This one concerns the Revolutionary War; the next one will address
Reconstruction and After.
The history
and politics of the US have long been presumed, not least by Americans
themselves, to be sui generis. Until recently it was widely understood that
American law might have much to teach other legal traditions but little to
learn from them. American political
institutions do not, we have almost all been taught, prosper in other soils and
we ourselves have no reason to adopt the practices from abroad. There is not much point then to comparing
American experiences and those of other countries. That this is self-evidently so is made real
in the practice of my discipline where American politics and comparative
politics are seen as two distinct sub-disciplines.
American
history and politics remain what was once called Whig history: a narrative of perennial
improvement. No matter what sordid and
terrifying features of the past are unearthed, the narrative remains Whiggish. The more we learn about the horrors of the
past the more certain we become of how far and how irreversibly we have come. Another particular feature of how we prefer
to understand our own history, consonant with Whig assumptions, is that we are
the authors of our fate—collectively and individually. Americans have made American history, we want
to believe, without any external assistance.
Whether this is a common belief for a liberal republic or for an
imperial power deserves study, but as we seek to understand the rest of the
world through the lens of our own history we should take care not to believe
our own myths too strenuously.
In a
recent, widely read discussion of the Islamic State the American-born and
educated French scholar Scott
Atran argued that US history can help us appreciate its revolutionary
potential. Citing a study of
contemporary jihadis and the Viet
Cong, Atran asserts “what matters in revolutionary success is commitment to
cause and comrades.” Atran connects
this study of contemporary fighters to those who fought in the Continental Army
with George Washington. Atran recalls
the winter of 1777-8 when Washington withdrew with his army to Valley Forge,
not far from Philadelphia. “Haggard
remnants” of that army, Atran reminds us, were on the verge of leaving Valley
Forge when Washington gave a speech, an “inspired appeal” as Atran describes
it. After hearing Washington’s stirring
appeal the troops “fused together in the harsh winter…henceforth able to
withstand any adversity.”
Atran is
arguing that revolutionary action is the fusion of a deep sense of sacred
justice with personal solidarities. IS
cadre, in this argument, is the fusion of a belief in a sacred mission shared
by committed activists tested in conflict.

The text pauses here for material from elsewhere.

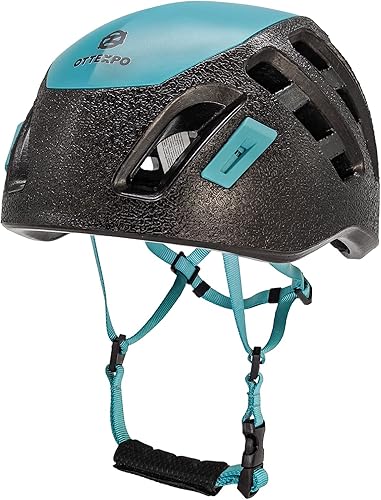 Casco de escalada en roca para adulto, casco ligero ajustable para escalada de árboles en roca trabajo en altura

Whatever the objective status of their beliefs revolutionaries
understand their goals to be sacred and their links to be those of personal
devotion to each other as well as their ideal.
National liberation, the Islamic caliphate, or the dictatorship of the
proletariat can presumably all provide such goals and be championed by comrades
of such devotion.
This essentially voluntarist view
of revolution has deep roots in American social thought although it was
probably not shared by most of the men who founded the state. We can find it among others for whom
transforming a movement into a state was never an option or simply never
succeeded. “If you will it” as Theodor Herzl
told his followers in the Zionist movement, “it is no dream.” Saul Alinsky, the premier community organizer,
once said “We must believe that it is darkest before the dawn of a beautiful
new world. We will see it when we
believe it.” Or, in the words of
Jefferson Davis, first president of the Confederate States of America, “Obstacles may retard, but they cannot long prevent
the progress of a movement sanctified by its justice, and sustained by a
virtuous people."
Human beliefs matter, but believing
that the sheer power of belief is all that really matters beggars belief. In the US successful business executives, like
the movement leaders cited above, fervently believe that their fervent
commitment to their product and their own well-being propelled them beyond
their peers and competitors.
Businessmen, no less than civil rights leaders, have dreams but we
rarely take them as models when we talk politics. Not simply because they are businessmen but
because so many of them fail.
As the leaders of the American Revolution
well understood, neither Valley Forge nor George Washington’s speeches were the
key to victory. Contemporaries and most
modern historians recognized two very different undertakings in 1777 as crucial
to the success of the revolution.
Neither involved Valley Forge or George Washington and one was, at least
briefly, a direct threat to Washington’s leadership. As most of Washington’s contemporaries were
well aware, he was in Valley Forge because the British had successfully captured
Philadelphia, the seat of the Continental Congress. British troops had earlier taken control of
New York and not long thereafter they successfully besieged Charleston. In short, while Washington waited out the
winter in Valley Forge, the British had seized control of three of the most
important cities on the North American continent and in the entire British
colonial empire including the capitol of the revolt.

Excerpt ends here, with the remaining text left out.